The study appeared in the March issue of
Psychological Science.
Full reference
http://www.psychologicalscience.org/media/releases/2006/pr060303.cfm
Scent of fear impacts cognitive performance
A study involving 75 female students found that those who were
exposed to chemicals from fear-induced sweat performed more
accurately on word-association tasks than did women exposed to
chemicals from other types of sweat or no sweat at all. When
processing meaningfully related word pairs, the participants exposed
to the fear chemicals were significantly more accurate than those in
either the neutral sweat or the control (no-sweat) condition. When
processing word pairs that were ambiguous in threat content, such as
one neutral word paired with a threatening word or a pair of neutral
words, subjects in the fear condition were significantly slower in
responding than those in the neutral sweat condition.

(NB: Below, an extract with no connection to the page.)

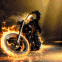 Ghost Rider sur sa moto enflamm�e
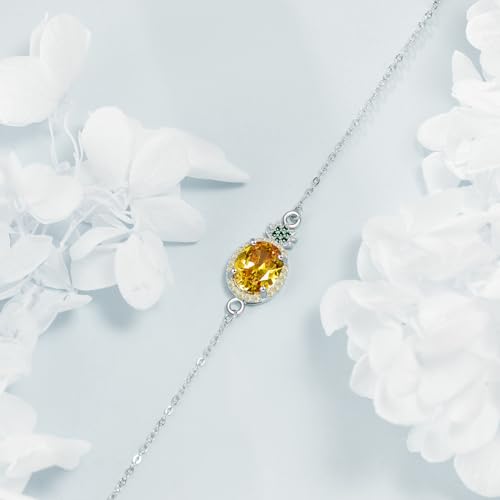 Pineapple Bracelet Sterling Silver Hawaiian Charm Yellow Crystal Bracelet Pineapple Jewelry Gift For Women4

The study was published online ahead of print on March 9 in
Chemical Senses.
Full reference
http://www.eurekalert.org/pub_releases/2006-03/ru-sof033106.php
Asleep or awake we retain memory
We’ve learned that skill memory is reinforced during sleep, but
now new imaging technology reveals that this kind of reinforcement
occurs while we’re awake too — even while we’re learning something
new.
The study was published in PLoS Biology.